Summary. The paper claims to establish the first universal machine-checked cardinality bounds for masked Barrett reduction under first-order arithmetic masking in the probing model. It proves a trichotomy: for any q > 0 and shift s, the Barrett internal wire map f_x(m) = ((x + 2^s - m) mod 2^s) mod q has preimage cardinality in {0, 1, 2}. It introduces the PF-PINI notion, proves PF-PINI(2) for Barrett and PF-PINI(1) for the Cooley-Tukey butterfly, and observes that fresh inter-stage masking composes these to preserve max-multiplicity max(k1, k2), yielding at most 1 bit of min-entropy loss per wire in a full masked NTT pipeline for ML-KEM/ML-DSA. All core results (trichotomy, PF-PINI instantiations, cardinality) are formalized in Lean 4 with 12 theorems and zero sorries.

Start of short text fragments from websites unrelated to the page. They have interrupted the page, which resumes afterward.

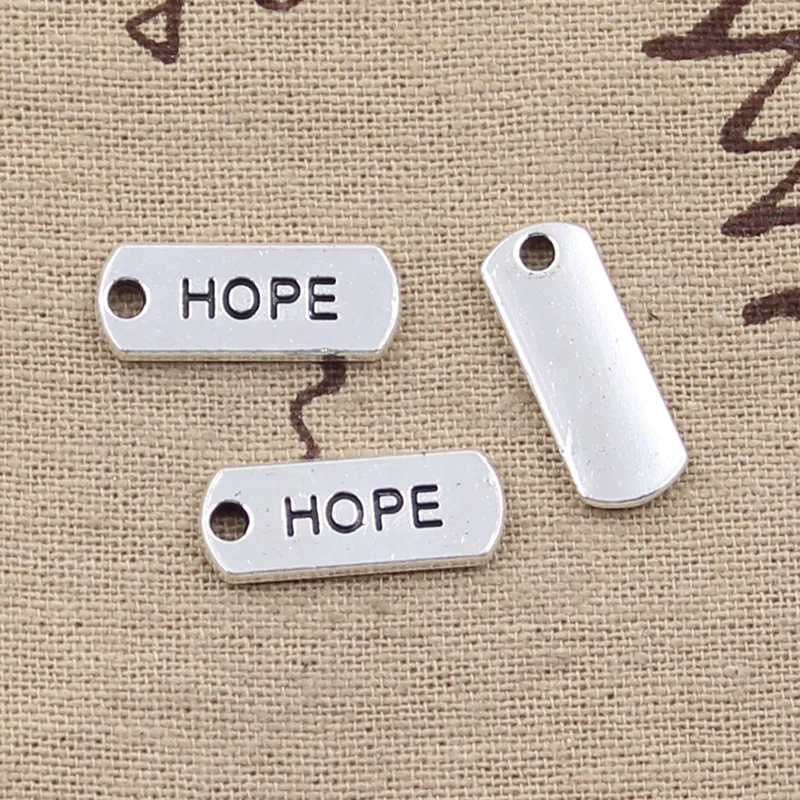 15pcs Charms Love Forever Hope Faith Inspire Brave Dream Believe Family 21x8mm TibetanPendant Findings DIY Accessories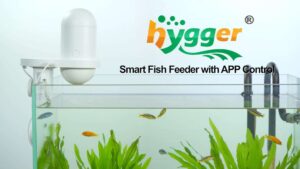 hygger smart fish feeder video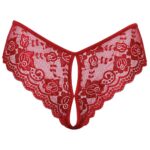 Cottelli Red Crotchless Panty – Sexy Lace Lingerie for Seductive Confidence - Image 4
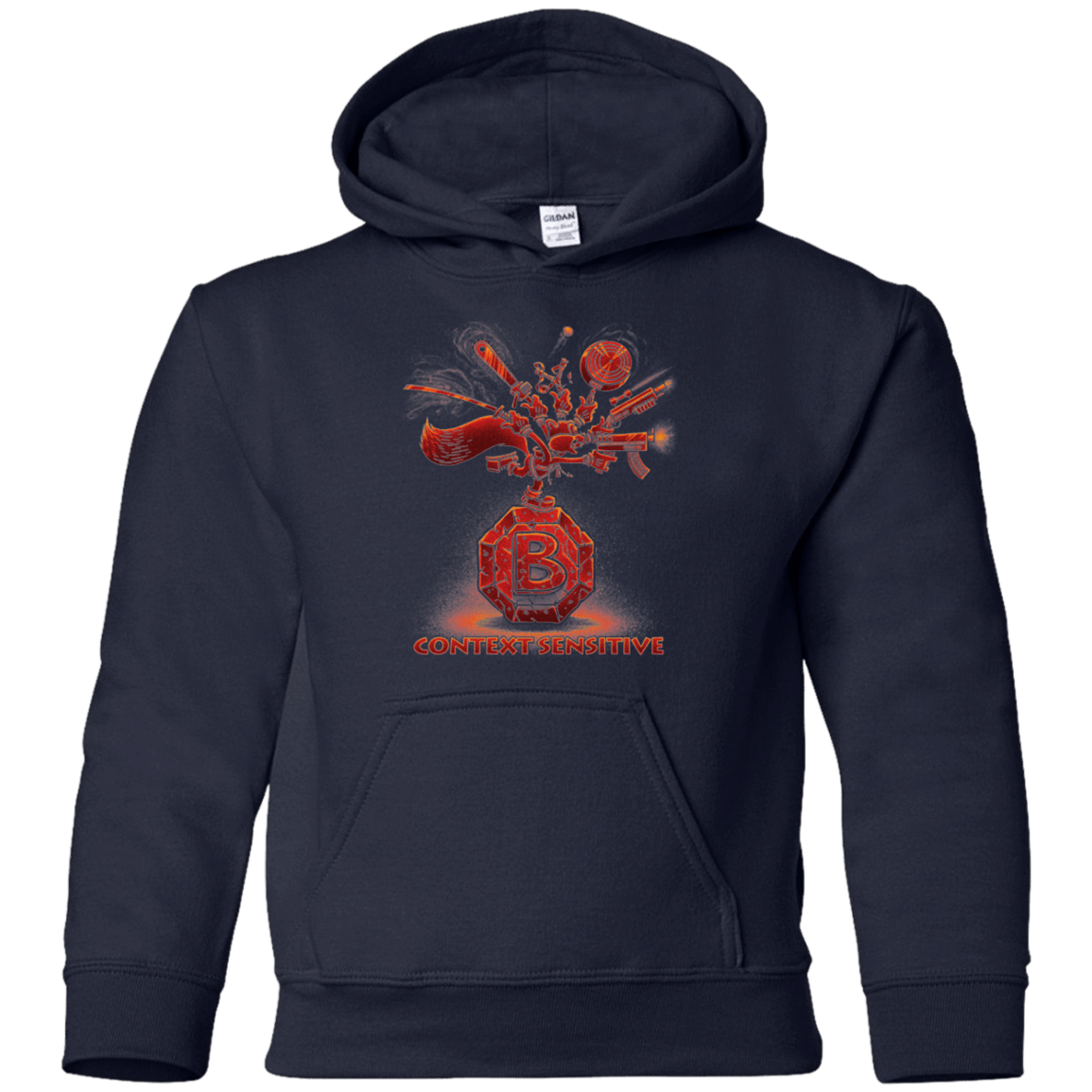 Sweatshirts Navy / YS Context Sensitive Youth Hoodie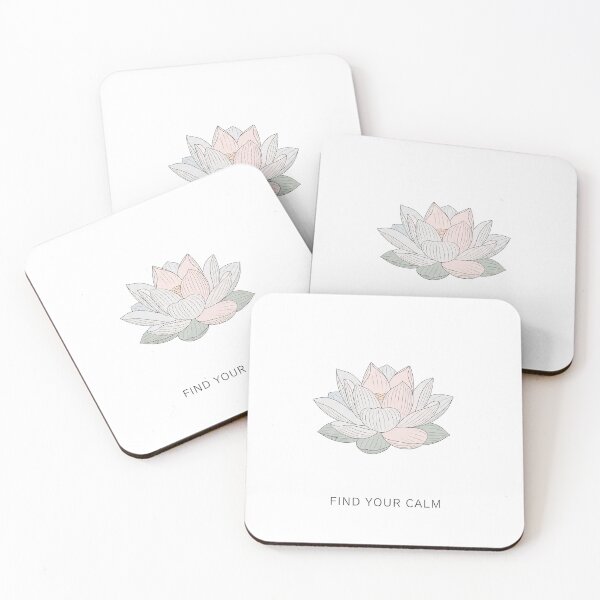 Item preview, Find Your Calm - Serene Lotus Flower Mindfulness Design designed and sold by shashtopia.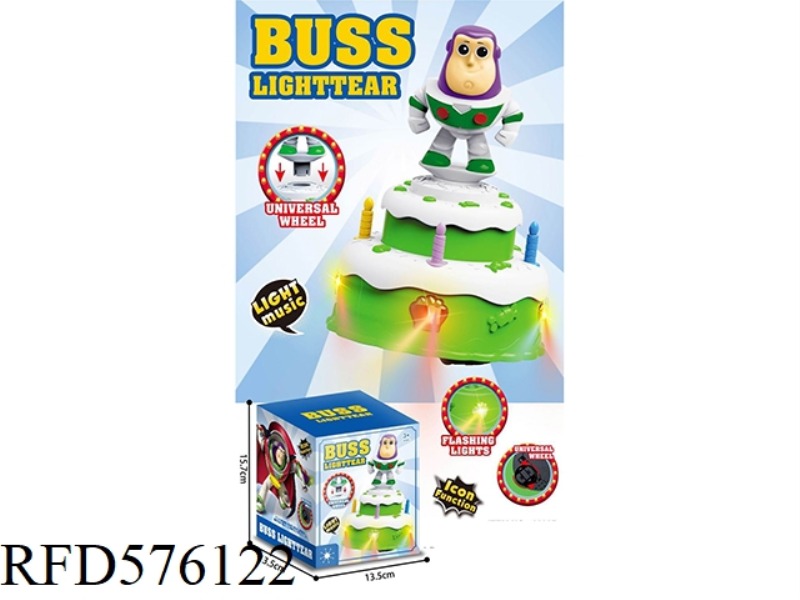 ELECTRIC ROTATING CAKE BUZZ LIGHTYEAR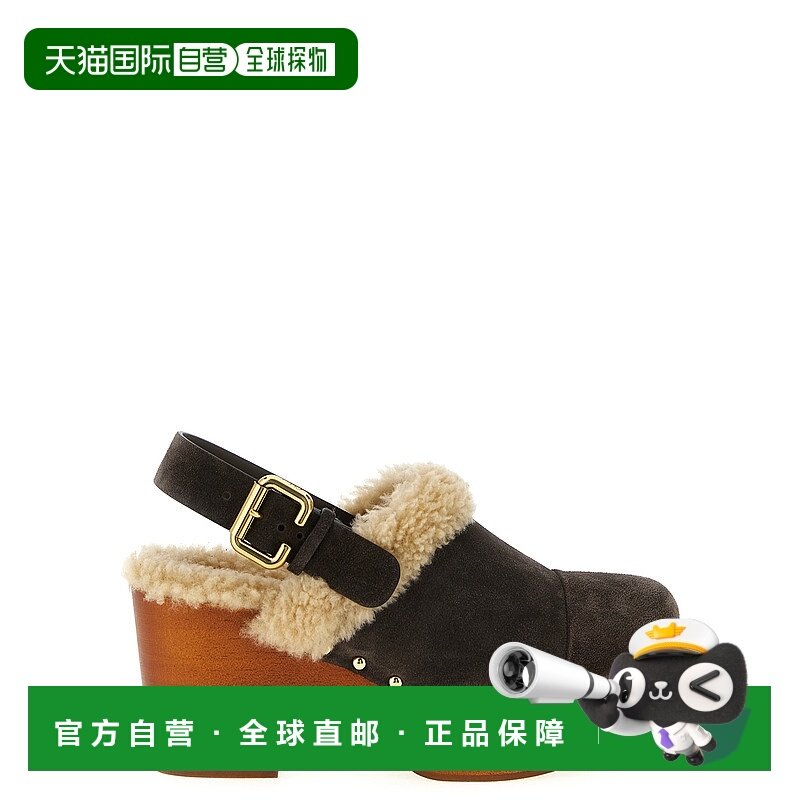 香港直邮CHLOÉ 女士高跟鞋 CH25W10VTZ25B AW2025 棕色 Jeannette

Significance. If the composition observation is formalized, the result would be significant: it supplies the first parameter-free, machine-checked leakage bound that is universal over all moduli q, directly applicable to the nonlinear core of every NTT-based PQC implementation. The explicit credit for 12 proved Lean theorems against standard definitions of preimage cardinality and min-entropy, together with the conservative nature of the bound (count-zero cases often yield strictly less than 1 bit), strengthens its value for NIST-recommended formal validation of masked hardware.

major comments (1)

[Abstract / pipeline composition] Abstract and § on pipeline composition: the claim that the 1-Bit Barrier propagates to the full masked NTT pipeline rests on the unproved observation that 'with fresh inter-stage masking, the composed pipeline has max-multiplicity max(k1, k2)'. This is load-bearing for the central universal leakage guarantee; without a theorem establishing preservation of the multiplicity bound under the concrete arithmetic maps and fresh masking, higher multiplicity (and thus >1 bit leakage) remains possible even when each stage individually satisfies its PF-PINI bound.

minor comments (1)

[Abstract] The manuscript refers to 'Papers 1 [15] and 2 [14]' for Adams Bridge vulnerabilities; explicit section numbers or theorem references in those works would improve traceability.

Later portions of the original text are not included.